Sen. Elizabeth Warren (D-Mass.), for instance, believes that the new proposal “makes a mockery of the CFPB's statutory mission of protecting consumers.” The truth, though, is that the original rule’s approach to protecting consumers is incompatible with a free society. It rejects the notion that individuals understand what is best for themselves, and mandates that federal bureaucrats decide what is best for people.

The original payday-lending rule is the perfect embodiment of this command-and-control version of consumer protection. The rule requires lenders to certify, under penalty of law, that borrowers have the ability to repay their loans. That requirement reflects two related assumptions: (1) consumers can’t determine when loans are too costly, and (2) lenders want to take advantage of this situation by lending to consumers who can’t possibly repay.

There are several problems with constructing regulations based on such assumptions.

For starters, nobody can possibly know for sure if a borrower is going to make good on his debts. No matter how many financial rules Congress mandates, it is impossible to legislate away the risk that a borrower might default on a loan. (And payday lending is a very risky business. The customers tend to have particularly volatile income, so the CFPB’s original rule, by the agency’s own admission, threatens to destroy the industry.)

Furthermore, it is an exceedingly poor long-term strategy for any lender to seek customers who can’t pay their debts. Some critics argue that, perversely, it pays to have customers who can’t pay their debts because they continue paying fees. Ultimately, though, a customer either pays or doesn’t. To stay in business it is much better to have paying customers.

Even if a lender bases its business on selling bad debts to third party collectors, over time those third party collectors will catch on. They will either raise their prices or stop doing business with such lenders. No matter how you slice it, no business wants to rely on bankrupt customers with no money.

Moreover, the rule is at odds with the fundamental principles of a free enterprise system, replacing voluntary exchanges with those that regulators bless as acceptable. It substitutes a few (unelected) individuals’ preferences for everyone else’s preferences.

Such command-and-control rules runs roughshod over people’s self worth and dignity, having the most harmful effect on the people who need certain products and services the most. It presumes bureaucrats understand people’s circumstances better than people do themselves.

If the tables were turned, and the typical payday customer was making these types of consumer protection rules, they would likely enact rules that those currently in charge would not like very much.

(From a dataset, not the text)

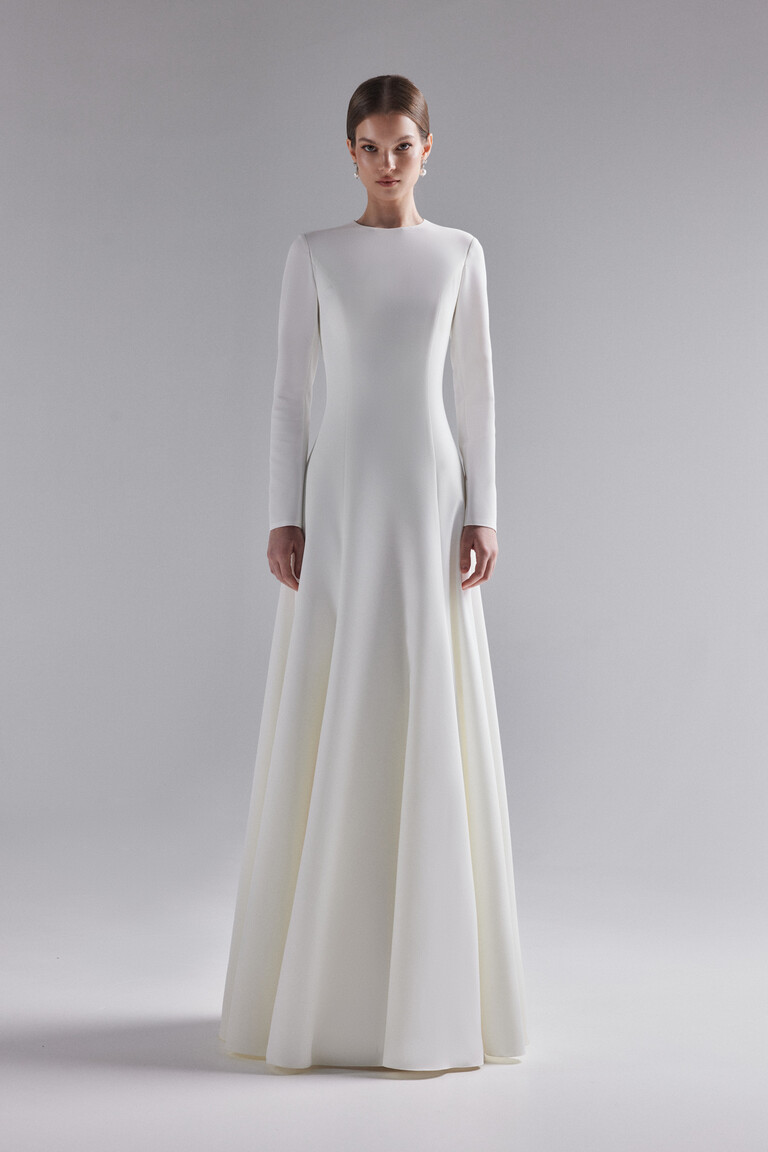 Front view of Stella long sleeve flared wedding dress showing fitted bodice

From the view of the average payday customer, it is likely too costly to pay $30 for virgin coconut oil, $8 for a jar of mayonnaise, $225 for a shaving kit (with no razor), $45 for a pack of fancy soaps, $18 for avocado toast, $730 for a pair of shoes, or $85 for a men’s haircut.

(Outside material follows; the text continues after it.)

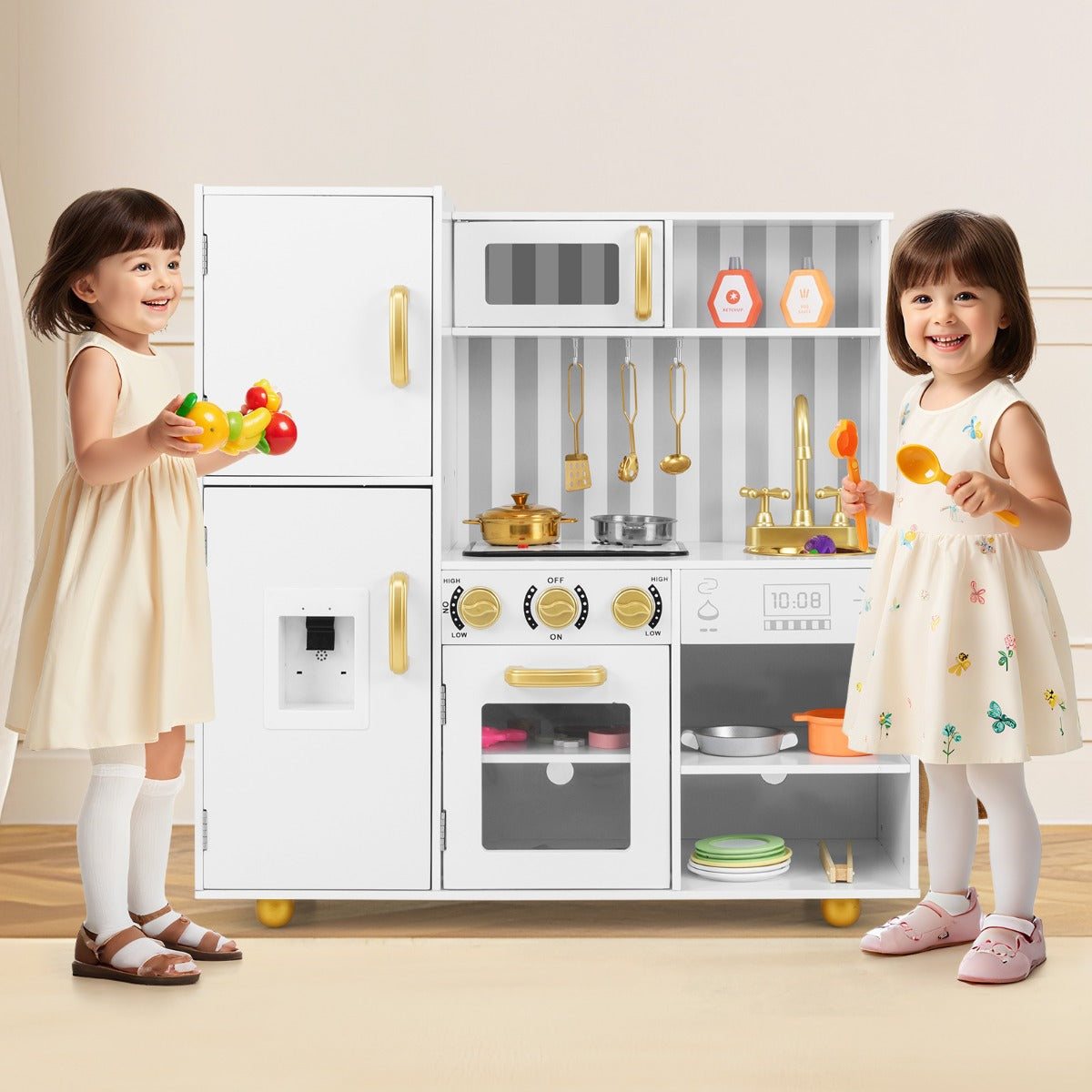 Two children playing with the white and golden play kitchen set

There is no moral superiority here. Your average Washingtonian bureaucrat should be able to enjoy his $18 avocado toast in peace, just as the typical payday loan customer should be able to access the short-term credit she needs—even if it costs $20 or $30 to borrow $100.

The reality is that each person makes the best choice he or she can, based on their own circumstances—even if they view each other’s decision as a bad economic choice.

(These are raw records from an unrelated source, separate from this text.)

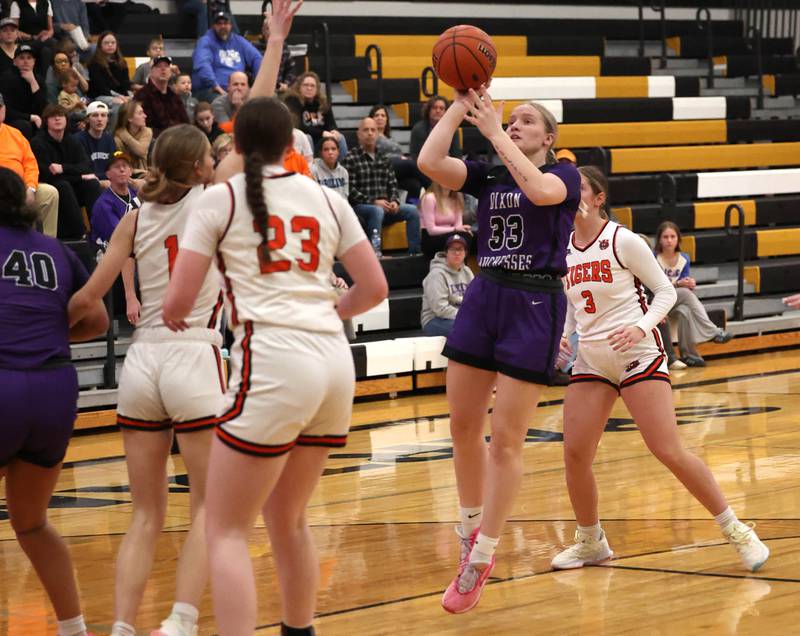 Dixon’s Jessie Pitman shoots over a pair of Crystal Lake Central defenders during their Class 3A sectional semifinal Tuesday, Feb. 20, 2024, at Sycamore High School.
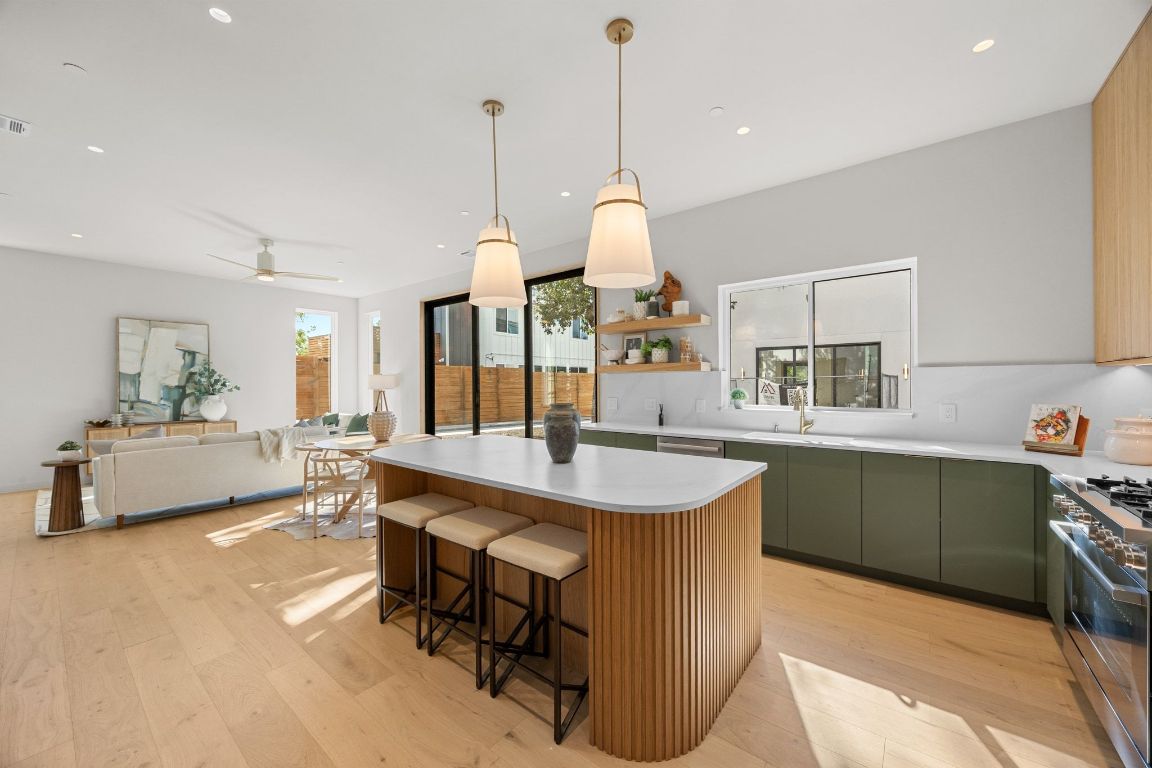1175 Navasota Street, Unit 2 Austin, TX 78702 - Photo 15 of 40 a large kitchen with a table and chairs
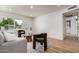Cozy living room with light colored wood flooring and views of the front yard at 510 N Entrada St, Chandler, AZ 85226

At some future date, each is equally likely to decide that they made bad decisions. Regardless, neither type of consumer should be allowed to make rules that prevent (or dictate) exactly who can buy any of these goods or services.

The best that policymakers can do is to ensure that consumers have all the information they need to make their own decisions. And evidence keeppiling up that payday customers – at least partly due to existing state and federal regulations – have that information. (For another study, see Federal Reserve economist Greg Elliehausen’s work).

Aside from the potential harm it will cause, the evidence shows that CFPB’s payday lending rule was unnecessary. The best way to protect consumers is to scrap the entire payday-lending rule, relying instead on clear and simple rules that reinforce the rule of law.